Celui-là n’était pourtant pas gagné d’avance. "Jordan était passé d’Anderlecht dans un club où ce n’était pas vraiment le grand luxe… Lors de son premier match, face à Waasland-Beveren, il n’avait pas été bon du tout. Tout le monde s’est posé des questions. Mais pas moi. Je savais ce dont il était capable. Finalement, il n’a fallu qu’un mois pour qu’il trouve ses marques. Pour un jeune, ce n’est pas si long…"
Dans ce laps de temps, Vanderbiest a dû corriger certaines choses. "Le premier point à améliorer a été sa discipline. Ce n’était rien de grave, mais il avait des retards, ce qui lui a valu quelques amendes… Il a vite compris. Sur le terrain, on a beaucoup travaillé sur sa position défensive. Mais je ne voulais pas non plus me priver de ses qualités de débordement et de dribble. J’ai compris que je ne devais pas l’approcher comme les autres joueurs. Nous avons beaucoup parlé ensemble et je me suis efforcé de mettre l’accent sur le positif."
Ce qui le changeait considérablement de sa dernière saison à Anderlecht avec John van den Brom. "Je ne peux pas juger ce qui s’est passé avec Jordan à Neerpede. Être le frère de Romelu n’a pas dû faciliter sa tâche. Mais c’est clair que les ego sont importants là-bas : tout le monde pense qu’il peut jouer. À Ostende, Jordan a trouvé un esprit de famille. Il s’est senti mis en valeur. C’est ce qui lui a permis de grandir."
Au point de lancer pour de bon sa carrière en Pro League. Lors de la défunte saison, avec Yves Vanderhaeghe, Lukaku a encore franchi un nouveau cap, qui lui a permis de devenir international.
Aujourd’hui, Jordan semble prêt pour quitter Ostende et entamer une nouvelle aventure. De quoi donner des espoirs… ou encore plus de regrets à Anderlecht ? "Jordan n’était peut-être simplement pas prêt à l’époque pour réussir au Sporting.

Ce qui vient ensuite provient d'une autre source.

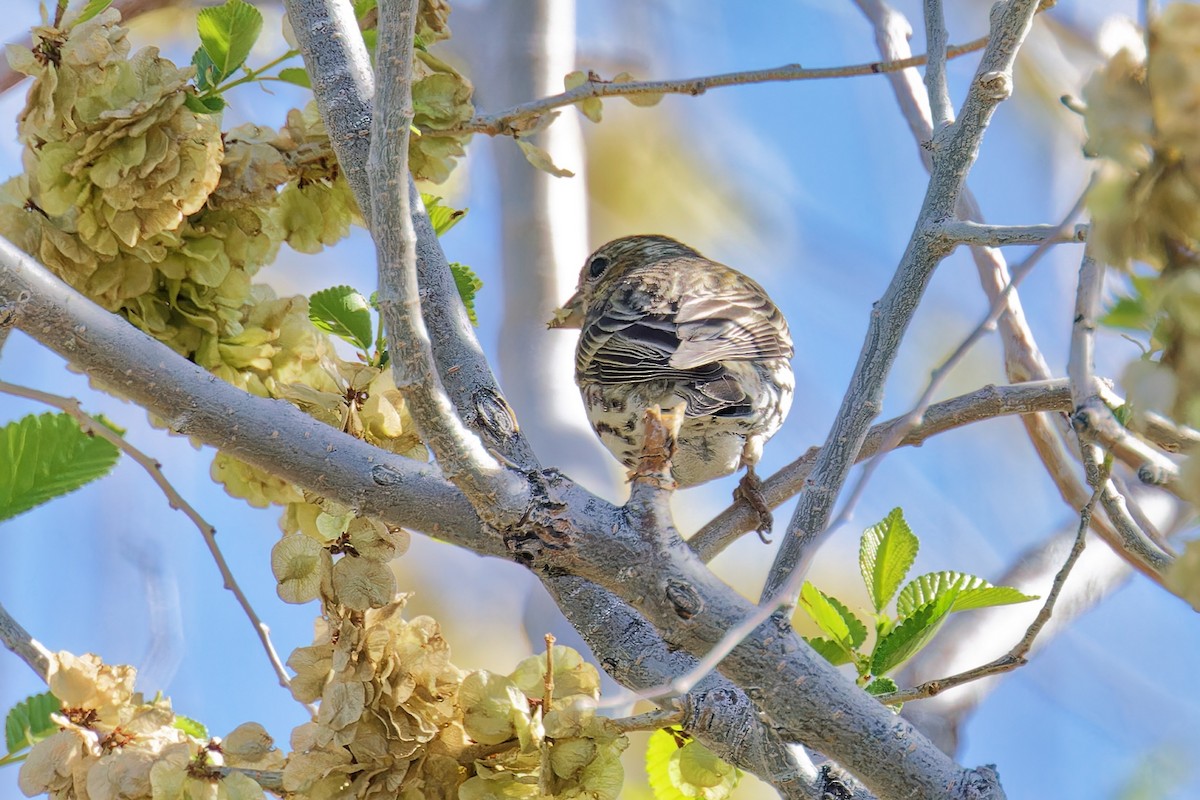 Cassin's Finch - Bob Walker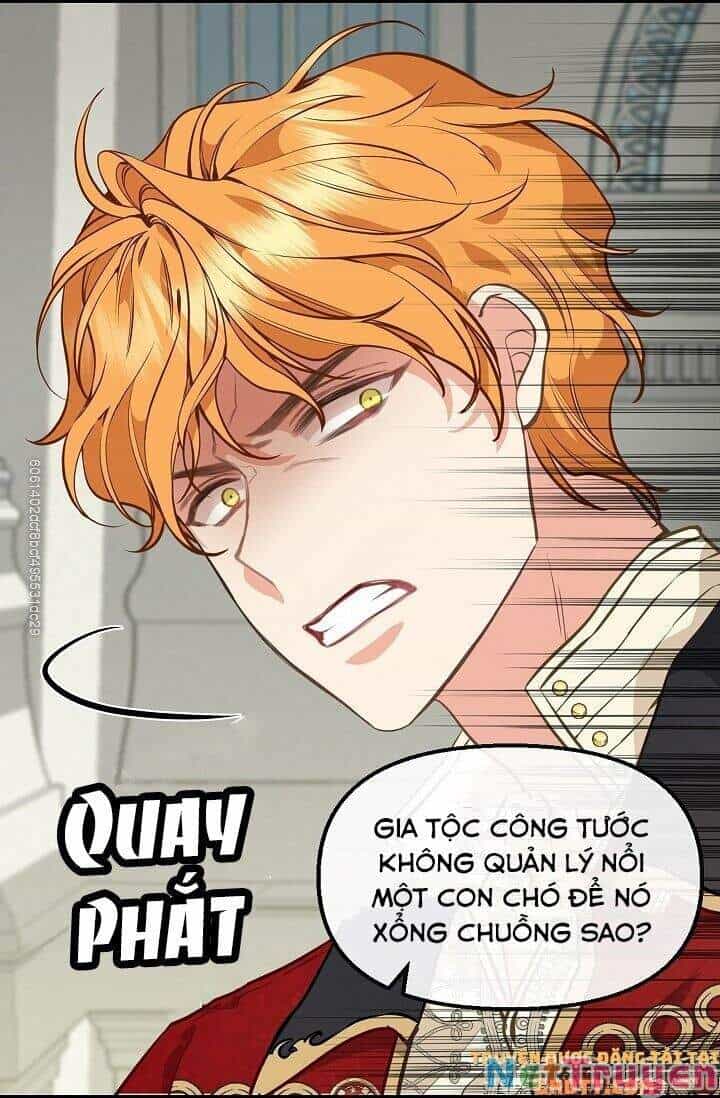 Hãy Bỏ Mặc Tôi - Chương 44 - ảnh 23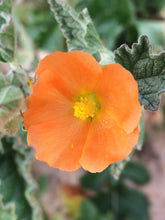 Load image into Gallery viewer, Sphaeralcea ambigua Apricot Mallow &amp; Selections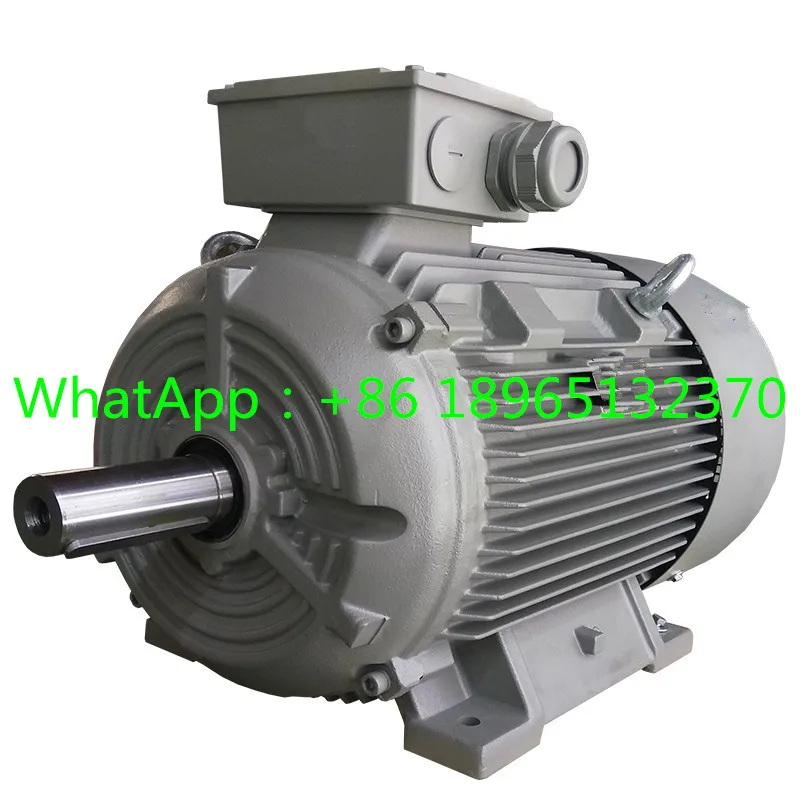 1LE0002-1DA33-3AA4      1LE00021DA333AA4    New Original Motor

Quand on voit où il en est à 21 ans, on peut se dire que ses choix étaient les bons. Et maintenant, il n’aurait pas intérêt à retourner à Anderlecht. Car sa progression y serait limitée. Il n’y a pas tant de différences que cela entre Ostende et le Sporting… Pour moi, c’est clair : Jordan est fait pour l’Angleterre. Et cette fois, il est bel et bien prêt."
"Un vrai back moderne, que la Belgique cherche depuis très longtemps"
Durant sa formation, Jordan Lukaku a évolué à plusieurs postes. Même à celui de… défenseur central. Mais avant même de devenir pro, il s’était déjà installé à celle deback gauche.
"À son arrivée, j’ai pourtant songé à l’aligner un cran plus haut", reconnaît Fred Vanderbiest. "Il nous manquait quelqu’un à cette position et il avait aussi les qualités pour jouer là. J’en ai parlé avec Jordan, mais il m’a expliqué qu’il préférait venir de plus loin. Je l’ai écouté et j’ai bien fait ! Au fil des semaines et des mois, il a énormément évolué à cette place. Et sa marge de progression est encore énorme."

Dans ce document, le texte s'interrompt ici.